Task instructions: Skip the pictures. Transcribe exactly the lines from the line containing "JADWAL DAMRI - Tampak" to the end of the listing.

Provided material:
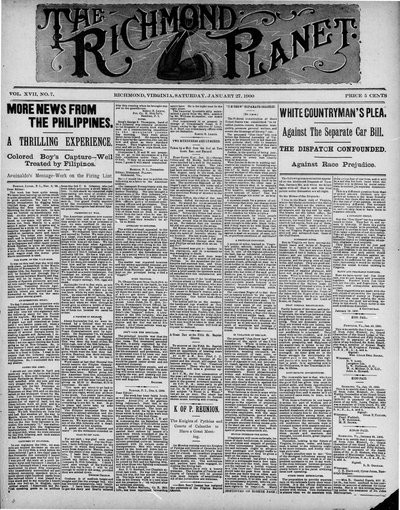 Richmond Planet, Jan 27, 1900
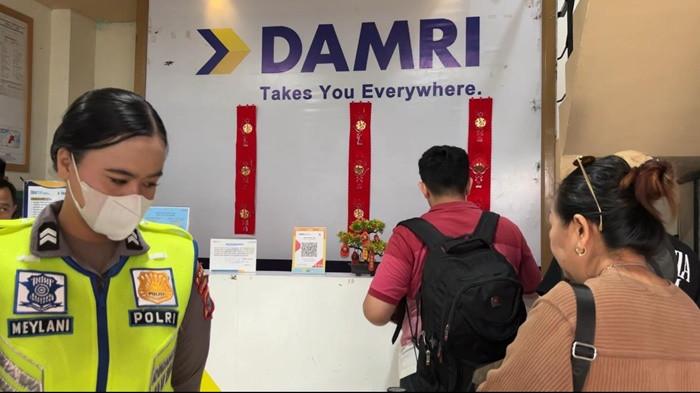JADWAL DAMRI - Tampak aktivitas di Terminal Damri Tanjung Selor, saat diabadikan TribunKaltara.com belum lama ini. Intip Jadwal Damri dan tarif Bus Damri di Tanjung Selor pada Minggu (12/4/2026) hari ini, tersedia juga rute menuju Berau dan Samarinda. (TribunKaltara.com / Desi Kartika)
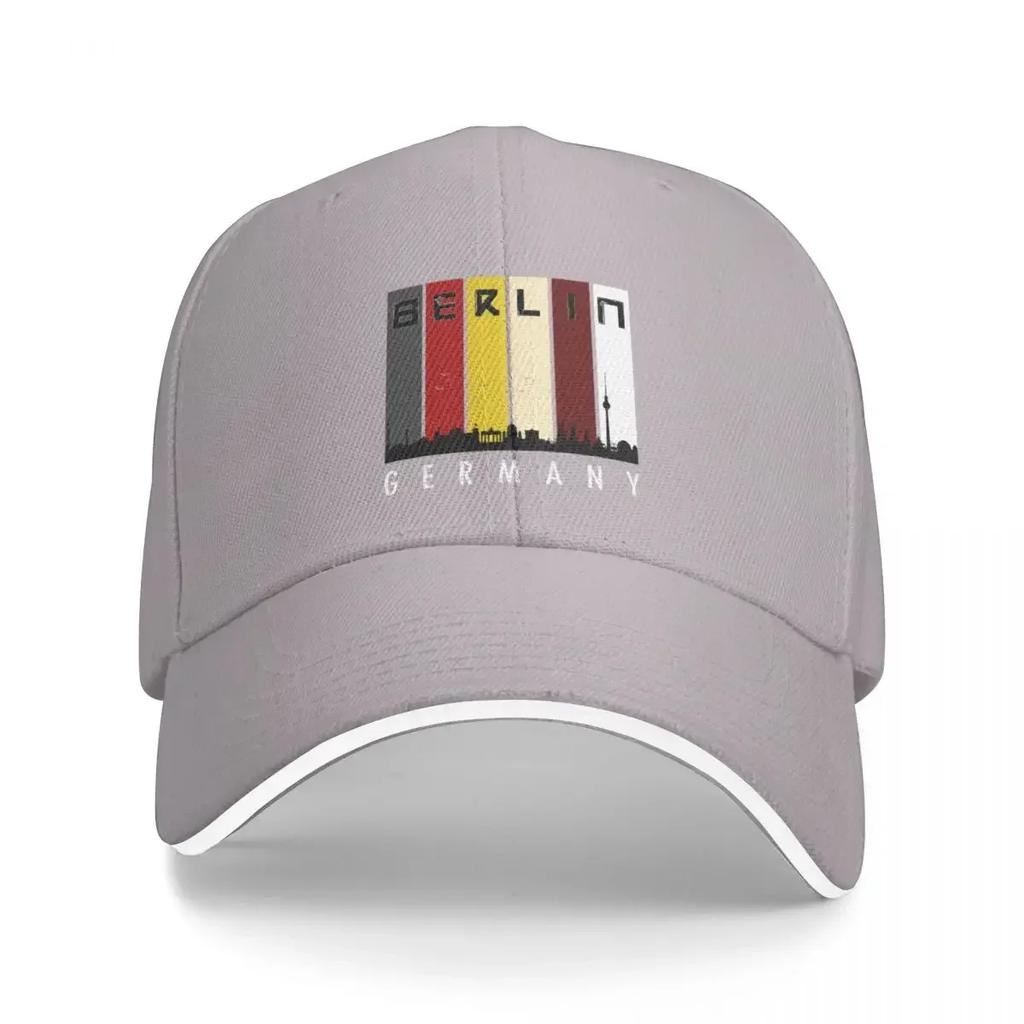 Berlin GerUnisexy Baseball Cap Fishing cap Snap Back Hat New In Hat Streetwear Women Beach Fashion Unisexs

Result of the task:
JADWAL DAMRI - Tampak aktivitas di Terminal Damri Tanjung Selor, saat diabadikan TribunKaltara.com belum lama ini. Intip Jadwal Damri dan tarif Bus Damri di Tanjung Selor pada Minggu (12/4/2026) hari ini, tersedia juga rute menuju Berau dan Samarinda. (TribunKaltara.com / Desi Kartika)
 Berlin GerUnisexy Baseball Cap Fishing cap Snap Back Hat New In Hat Streetwear Women Beach Fashion Unisexs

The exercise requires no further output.